*TRY IT*
Search the records for the string "Apartment" and copy every line where it turns up.

[MATERIAL SHOWN Boundary: Start]

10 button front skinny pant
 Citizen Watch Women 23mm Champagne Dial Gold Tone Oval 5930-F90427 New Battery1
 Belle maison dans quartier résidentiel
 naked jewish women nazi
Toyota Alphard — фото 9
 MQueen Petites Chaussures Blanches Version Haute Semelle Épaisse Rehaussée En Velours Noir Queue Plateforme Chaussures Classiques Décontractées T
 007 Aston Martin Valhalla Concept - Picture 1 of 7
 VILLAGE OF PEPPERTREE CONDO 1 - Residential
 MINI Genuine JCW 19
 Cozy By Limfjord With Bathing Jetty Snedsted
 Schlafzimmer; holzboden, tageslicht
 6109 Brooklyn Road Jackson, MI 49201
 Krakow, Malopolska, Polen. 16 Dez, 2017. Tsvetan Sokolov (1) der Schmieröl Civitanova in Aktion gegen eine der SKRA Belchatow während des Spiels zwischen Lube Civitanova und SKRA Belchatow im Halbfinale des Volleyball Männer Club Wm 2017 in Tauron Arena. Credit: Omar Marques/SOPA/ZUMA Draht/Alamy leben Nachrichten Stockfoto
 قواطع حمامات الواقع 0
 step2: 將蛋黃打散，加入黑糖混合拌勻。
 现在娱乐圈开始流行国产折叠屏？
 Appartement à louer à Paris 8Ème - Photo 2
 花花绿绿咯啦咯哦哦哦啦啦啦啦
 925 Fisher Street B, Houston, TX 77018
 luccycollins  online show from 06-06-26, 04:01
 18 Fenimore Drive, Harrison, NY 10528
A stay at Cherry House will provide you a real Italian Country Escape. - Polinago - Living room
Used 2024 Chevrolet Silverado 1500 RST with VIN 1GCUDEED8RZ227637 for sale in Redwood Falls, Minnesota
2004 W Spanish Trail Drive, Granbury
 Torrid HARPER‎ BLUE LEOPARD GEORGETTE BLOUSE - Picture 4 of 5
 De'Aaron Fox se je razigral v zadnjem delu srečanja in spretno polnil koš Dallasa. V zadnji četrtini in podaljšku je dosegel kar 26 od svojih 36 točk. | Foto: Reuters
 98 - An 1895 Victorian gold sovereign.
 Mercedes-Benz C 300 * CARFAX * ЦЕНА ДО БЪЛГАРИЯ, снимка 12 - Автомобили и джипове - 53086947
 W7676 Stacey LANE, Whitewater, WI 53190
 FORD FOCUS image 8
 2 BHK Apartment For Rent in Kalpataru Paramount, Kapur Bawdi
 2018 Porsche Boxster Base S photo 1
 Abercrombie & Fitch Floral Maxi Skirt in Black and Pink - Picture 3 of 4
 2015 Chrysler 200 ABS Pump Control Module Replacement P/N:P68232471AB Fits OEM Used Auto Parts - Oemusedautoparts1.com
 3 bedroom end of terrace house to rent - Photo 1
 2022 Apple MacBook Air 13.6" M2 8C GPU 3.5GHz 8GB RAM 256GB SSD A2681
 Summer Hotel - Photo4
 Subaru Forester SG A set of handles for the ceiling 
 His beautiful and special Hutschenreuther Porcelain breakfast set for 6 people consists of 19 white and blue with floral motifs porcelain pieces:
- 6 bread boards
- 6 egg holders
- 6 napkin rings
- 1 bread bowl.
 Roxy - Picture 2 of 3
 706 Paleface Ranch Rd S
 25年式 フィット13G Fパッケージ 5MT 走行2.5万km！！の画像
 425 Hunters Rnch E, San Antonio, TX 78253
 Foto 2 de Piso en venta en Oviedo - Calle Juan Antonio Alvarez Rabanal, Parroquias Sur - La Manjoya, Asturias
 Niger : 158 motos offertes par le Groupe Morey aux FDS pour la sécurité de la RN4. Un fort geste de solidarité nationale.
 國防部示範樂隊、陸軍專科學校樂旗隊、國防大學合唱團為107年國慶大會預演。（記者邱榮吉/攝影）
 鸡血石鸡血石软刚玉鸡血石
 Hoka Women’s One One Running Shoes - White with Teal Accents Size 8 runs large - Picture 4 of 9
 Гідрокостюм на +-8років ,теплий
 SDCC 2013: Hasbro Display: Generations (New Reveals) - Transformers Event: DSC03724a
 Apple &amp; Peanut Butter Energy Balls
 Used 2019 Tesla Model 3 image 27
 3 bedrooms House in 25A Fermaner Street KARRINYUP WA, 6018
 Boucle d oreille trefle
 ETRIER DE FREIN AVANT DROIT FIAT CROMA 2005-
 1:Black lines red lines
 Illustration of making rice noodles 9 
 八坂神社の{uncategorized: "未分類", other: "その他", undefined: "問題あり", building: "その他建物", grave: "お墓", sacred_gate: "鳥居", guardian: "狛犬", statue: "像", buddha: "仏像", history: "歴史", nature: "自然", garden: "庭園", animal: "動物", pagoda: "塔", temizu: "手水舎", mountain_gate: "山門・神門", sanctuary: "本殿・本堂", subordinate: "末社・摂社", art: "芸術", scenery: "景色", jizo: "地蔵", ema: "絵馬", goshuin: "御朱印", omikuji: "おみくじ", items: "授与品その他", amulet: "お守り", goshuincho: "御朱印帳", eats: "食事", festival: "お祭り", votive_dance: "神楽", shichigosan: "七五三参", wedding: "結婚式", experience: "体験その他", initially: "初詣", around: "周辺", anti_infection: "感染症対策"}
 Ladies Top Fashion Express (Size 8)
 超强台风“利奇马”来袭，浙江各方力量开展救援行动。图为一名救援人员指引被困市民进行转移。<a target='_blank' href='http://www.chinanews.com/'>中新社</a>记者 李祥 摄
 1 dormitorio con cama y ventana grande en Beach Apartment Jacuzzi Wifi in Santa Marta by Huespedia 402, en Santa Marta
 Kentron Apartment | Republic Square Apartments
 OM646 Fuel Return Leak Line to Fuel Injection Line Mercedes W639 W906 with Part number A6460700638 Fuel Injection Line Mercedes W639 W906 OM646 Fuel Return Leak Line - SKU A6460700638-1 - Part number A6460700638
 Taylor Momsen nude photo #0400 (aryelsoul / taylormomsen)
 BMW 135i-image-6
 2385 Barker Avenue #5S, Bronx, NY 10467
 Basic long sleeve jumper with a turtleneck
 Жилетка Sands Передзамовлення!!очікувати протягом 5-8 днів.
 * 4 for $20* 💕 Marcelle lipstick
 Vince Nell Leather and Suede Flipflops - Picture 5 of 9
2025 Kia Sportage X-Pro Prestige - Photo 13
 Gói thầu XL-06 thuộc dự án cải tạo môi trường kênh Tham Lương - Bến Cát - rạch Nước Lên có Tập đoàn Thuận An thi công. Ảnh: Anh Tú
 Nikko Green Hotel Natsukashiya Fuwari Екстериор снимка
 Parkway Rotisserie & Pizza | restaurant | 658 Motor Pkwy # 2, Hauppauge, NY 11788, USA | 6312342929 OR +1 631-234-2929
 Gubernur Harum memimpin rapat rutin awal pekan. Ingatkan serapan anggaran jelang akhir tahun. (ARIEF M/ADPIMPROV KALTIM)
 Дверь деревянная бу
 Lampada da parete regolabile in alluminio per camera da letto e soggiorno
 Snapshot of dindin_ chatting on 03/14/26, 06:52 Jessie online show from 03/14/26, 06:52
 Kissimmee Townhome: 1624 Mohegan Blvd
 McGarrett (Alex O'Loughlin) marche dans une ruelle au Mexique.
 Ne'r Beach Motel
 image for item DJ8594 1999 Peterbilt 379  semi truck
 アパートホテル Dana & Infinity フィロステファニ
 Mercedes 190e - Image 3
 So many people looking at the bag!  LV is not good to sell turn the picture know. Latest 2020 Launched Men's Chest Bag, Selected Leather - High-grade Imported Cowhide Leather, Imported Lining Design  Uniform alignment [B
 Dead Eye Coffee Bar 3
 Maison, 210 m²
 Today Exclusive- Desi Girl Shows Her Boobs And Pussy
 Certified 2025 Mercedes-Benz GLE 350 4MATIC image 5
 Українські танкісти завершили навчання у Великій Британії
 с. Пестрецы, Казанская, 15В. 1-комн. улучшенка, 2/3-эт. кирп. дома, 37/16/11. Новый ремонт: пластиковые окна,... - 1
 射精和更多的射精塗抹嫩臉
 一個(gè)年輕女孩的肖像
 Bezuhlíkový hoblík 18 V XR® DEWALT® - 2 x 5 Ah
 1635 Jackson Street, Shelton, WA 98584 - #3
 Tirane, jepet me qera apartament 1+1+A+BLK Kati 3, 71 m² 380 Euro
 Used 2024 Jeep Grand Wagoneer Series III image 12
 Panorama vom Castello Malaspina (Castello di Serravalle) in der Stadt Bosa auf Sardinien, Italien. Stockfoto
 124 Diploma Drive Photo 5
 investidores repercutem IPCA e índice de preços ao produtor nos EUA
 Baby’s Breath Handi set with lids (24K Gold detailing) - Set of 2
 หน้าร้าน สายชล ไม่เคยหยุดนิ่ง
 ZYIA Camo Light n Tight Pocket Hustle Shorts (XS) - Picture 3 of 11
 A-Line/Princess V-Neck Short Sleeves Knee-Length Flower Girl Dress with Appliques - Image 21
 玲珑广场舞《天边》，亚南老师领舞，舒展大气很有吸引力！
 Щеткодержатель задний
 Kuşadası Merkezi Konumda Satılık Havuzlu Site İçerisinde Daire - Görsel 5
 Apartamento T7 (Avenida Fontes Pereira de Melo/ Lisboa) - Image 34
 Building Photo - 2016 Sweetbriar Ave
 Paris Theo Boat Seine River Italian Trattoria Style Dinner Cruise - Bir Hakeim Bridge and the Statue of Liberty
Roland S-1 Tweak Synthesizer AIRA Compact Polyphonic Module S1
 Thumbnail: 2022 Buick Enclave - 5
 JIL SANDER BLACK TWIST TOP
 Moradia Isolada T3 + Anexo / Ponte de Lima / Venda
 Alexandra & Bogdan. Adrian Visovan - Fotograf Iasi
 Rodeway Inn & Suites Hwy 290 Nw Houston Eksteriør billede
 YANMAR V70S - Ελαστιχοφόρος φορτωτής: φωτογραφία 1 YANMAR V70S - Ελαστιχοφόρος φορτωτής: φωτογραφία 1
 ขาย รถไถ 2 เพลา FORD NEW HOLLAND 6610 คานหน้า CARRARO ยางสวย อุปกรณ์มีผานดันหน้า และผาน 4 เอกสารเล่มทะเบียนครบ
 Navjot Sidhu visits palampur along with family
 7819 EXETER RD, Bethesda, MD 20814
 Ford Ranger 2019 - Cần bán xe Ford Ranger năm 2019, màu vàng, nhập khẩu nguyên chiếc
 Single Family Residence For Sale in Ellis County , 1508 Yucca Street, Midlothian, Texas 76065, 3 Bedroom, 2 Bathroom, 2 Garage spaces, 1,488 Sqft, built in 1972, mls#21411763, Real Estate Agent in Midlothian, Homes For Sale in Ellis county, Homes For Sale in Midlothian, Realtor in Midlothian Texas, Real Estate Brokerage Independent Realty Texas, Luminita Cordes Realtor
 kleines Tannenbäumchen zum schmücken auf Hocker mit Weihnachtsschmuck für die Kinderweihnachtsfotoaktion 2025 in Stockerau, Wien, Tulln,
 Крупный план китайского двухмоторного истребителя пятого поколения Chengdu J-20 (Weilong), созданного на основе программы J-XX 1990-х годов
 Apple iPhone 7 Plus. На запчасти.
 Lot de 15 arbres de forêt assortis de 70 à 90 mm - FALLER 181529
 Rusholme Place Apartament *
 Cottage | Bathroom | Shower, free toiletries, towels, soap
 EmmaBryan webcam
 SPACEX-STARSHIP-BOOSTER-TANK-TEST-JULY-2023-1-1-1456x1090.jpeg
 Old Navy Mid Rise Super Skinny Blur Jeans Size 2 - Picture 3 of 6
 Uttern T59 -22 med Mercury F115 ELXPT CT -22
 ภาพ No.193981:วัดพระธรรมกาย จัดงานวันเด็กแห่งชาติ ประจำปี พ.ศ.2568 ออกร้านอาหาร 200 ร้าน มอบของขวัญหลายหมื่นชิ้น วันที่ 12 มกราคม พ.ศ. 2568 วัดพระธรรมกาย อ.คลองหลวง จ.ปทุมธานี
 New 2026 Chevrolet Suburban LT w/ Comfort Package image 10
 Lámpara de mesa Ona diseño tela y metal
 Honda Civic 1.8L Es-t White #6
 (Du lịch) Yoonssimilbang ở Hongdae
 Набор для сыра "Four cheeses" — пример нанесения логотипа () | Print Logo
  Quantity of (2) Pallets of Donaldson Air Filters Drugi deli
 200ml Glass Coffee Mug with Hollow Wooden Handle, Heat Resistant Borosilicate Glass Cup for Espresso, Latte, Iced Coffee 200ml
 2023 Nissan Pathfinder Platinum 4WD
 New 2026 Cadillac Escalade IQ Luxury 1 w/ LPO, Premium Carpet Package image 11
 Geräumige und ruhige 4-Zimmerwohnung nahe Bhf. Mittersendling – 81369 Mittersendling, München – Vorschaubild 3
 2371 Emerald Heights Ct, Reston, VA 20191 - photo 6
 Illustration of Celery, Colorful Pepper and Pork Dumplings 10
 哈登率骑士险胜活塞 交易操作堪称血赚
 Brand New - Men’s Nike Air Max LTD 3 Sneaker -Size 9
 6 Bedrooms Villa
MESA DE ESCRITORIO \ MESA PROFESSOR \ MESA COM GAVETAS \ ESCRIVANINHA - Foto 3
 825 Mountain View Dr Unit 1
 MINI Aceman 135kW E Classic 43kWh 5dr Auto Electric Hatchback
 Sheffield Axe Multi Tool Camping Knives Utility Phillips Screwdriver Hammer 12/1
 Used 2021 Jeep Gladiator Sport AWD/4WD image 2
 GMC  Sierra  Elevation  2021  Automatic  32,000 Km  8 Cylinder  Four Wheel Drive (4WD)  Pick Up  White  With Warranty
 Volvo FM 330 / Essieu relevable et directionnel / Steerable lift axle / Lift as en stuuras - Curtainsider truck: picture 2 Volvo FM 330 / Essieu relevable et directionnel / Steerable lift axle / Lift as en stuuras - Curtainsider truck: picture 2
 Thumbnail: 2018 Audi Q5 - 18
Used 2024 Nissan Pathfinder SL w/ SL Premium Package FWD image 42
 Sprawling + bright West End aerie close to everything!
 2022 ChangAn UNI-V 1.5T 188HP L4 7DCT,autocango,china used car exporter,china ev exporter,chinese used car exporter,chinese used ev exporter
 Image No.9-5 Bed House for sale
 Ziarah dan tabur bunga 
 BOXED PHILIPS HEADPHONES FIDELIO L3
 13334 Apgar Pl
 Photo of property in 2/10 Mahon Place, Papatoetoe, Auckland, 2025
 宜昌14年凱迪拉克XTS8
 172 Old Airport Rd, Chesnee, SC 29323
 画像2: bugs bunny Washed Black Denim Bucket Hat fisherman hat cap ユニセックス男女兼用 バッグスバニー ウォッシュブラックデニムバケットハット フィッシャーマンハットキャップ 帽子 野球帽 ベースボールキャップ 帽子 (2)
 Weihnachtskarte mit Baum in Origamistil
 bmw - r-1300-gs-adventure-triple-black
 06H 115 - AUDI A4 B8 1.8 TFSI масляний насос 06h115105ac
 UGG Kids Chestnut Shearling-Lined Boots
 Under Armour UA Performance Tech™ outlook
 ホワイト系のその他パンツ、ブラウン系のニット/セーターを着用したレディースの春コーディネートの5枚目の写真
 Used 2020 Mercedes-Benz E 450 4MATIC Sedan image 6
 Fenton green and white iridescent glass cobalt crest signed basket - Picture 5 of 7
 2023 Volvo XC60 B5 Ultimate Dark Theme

[MATERIAL SHOWN Boundary: End]

*FINISHED EXERCISE*
 2 BHK Apartment For Rent in Kalpataru Paramount, Kapur Bawdi
 1 dormitorio con cama y ventana grande en Beach Apartment Jacuzzi Wifi in Santa Marta by Huespedia 402, en Santa Marta
 Kentron Apartment | Republic Square Apartments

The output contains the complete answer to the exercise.